A retrospective on the surprising costs of moving data to the Cloud
Cloud Chasm Crossed
Did you leap into the Cloud? Or did you hold back, reasonably cautious about chasing the Next Big Thing? Certainly, by now some portion of your systems are running in the Cloud, and that’s without counting all of the Cloud-native services to which you subscribed. We must be well into the Late Majority portion of the adoption curve.
The Laggards are still doubting, waiting for it all to collapse.
Now that you are in the Cloud, so is your data. You moved in some digital assets on day one. Perhaps you completed a systems migration or uploaded digital assets, images for your website, and log files for safekeeping. The data has been growing and piling up ever since.
The great benefit of running in the Cloud is that someone else is handling the physical problems. Buying and racking hardware, cabling, supplying power, and keeping things cool. Out of sight, out of mind. All you have to do now is focus on the logical bits. Do you have enough storage? Is it accessible to users? Is it safe from hackers? Are you respecting regulations? Do you have a bulletproof backup strategy? Plenty left to worry about.
While you were distracted by your worries, you might not have noticed that your mental model for the cost of keeping your data in the Cloud was optimistic. Or maybe the Cloud provider you chose was great to get started but their solutions haven’t aged so well with extended use. Is it too late to go back? And go back to what exactly?
Home Sweet Data Center
Let’s take a walk down memory lane and remember life at the turn of the 21st century.
At the dawn of the dot-com era in the late 1990s, we got good at setting up cozy (i.e., crowded) cages in data centers. The hum of cooling fans, the whir of spinning drives, the hypnotic blinky lights. The best facilities sported security to rival Fort Knox, extreme air-conditioning, fire suppression systems that could suck out all of the oxygen in a matter of minutes, and access to the fattest broadband networks the world had to offer.

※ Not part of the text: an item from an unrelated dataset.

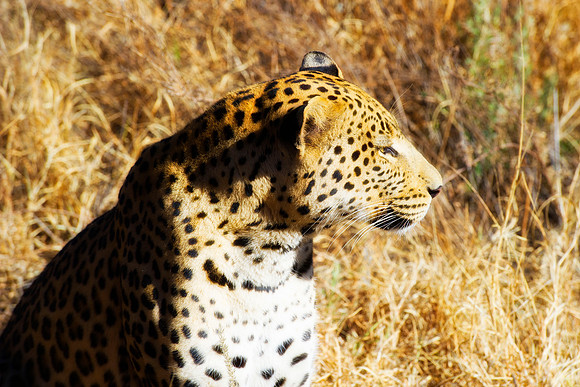 Camouflage, leopard, savanna, spots, teeth, claws, sabres, tail, detail, Africa, India, conservation, Tanzania, Kenya, Botswana, Namibia, Mozambique, " South Africa", Zimbabwe, Zambia, poaching, parks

At least in Silicon Valley, the cost of housing rivaled the cost of cage space. The idea of setting up a cot among the racks might have crossed a few minds. Why would we abandon this luxury?
A modest web company would need to spend millions of dollars on servers and equipment. It’s no wonder that most of the first generation of dot-coms went under. We burned cash like there was no tomorrow. And sure enough, the next day when the party ended, high-end data centers collapsed, too.
Out of the ashes, the second generation of web companies (ASPs) was more conservative with cash. Having learned the lessons, we still wanted to control everything, but we wanted to find the cheapest way to do that. Rather than renting from a fancy co-lo, often companies would rack ‘em where they worked, in a repurposed closet or under people’s desks. Once a company got traction, systems that mattered were moved into “on-premises” server rooms, with everything you’d find at a data center.
At the same time, the data centers recovered, perhaps under new management. With all of the trappings from before and some new pricing models, data centers were, and are, still a viable option for hosting your high-end systems.
In parallel with the burgeoning 2nd generation of dot-coms, Jeff Bezos seeded the first cloud operation in 2002 with his famous API-only mandate. Amazon launched AWS with EC2 in 2006. Google launched its Cloud Platform 2 years later with App Engine. And then came Project Red Dog (a.k.a., Azure), which launched in 2010.
Simultaneously, successful enterprise software companies were experiencing growing pains. We had designed monolithic Java-based, RDB-backed applications to handle all of the -ilities: flexibility, scalability, adaptability, upgrade-ability, and so on. For the largest customers, we had to push the limits in scaling the hardware to match the demand.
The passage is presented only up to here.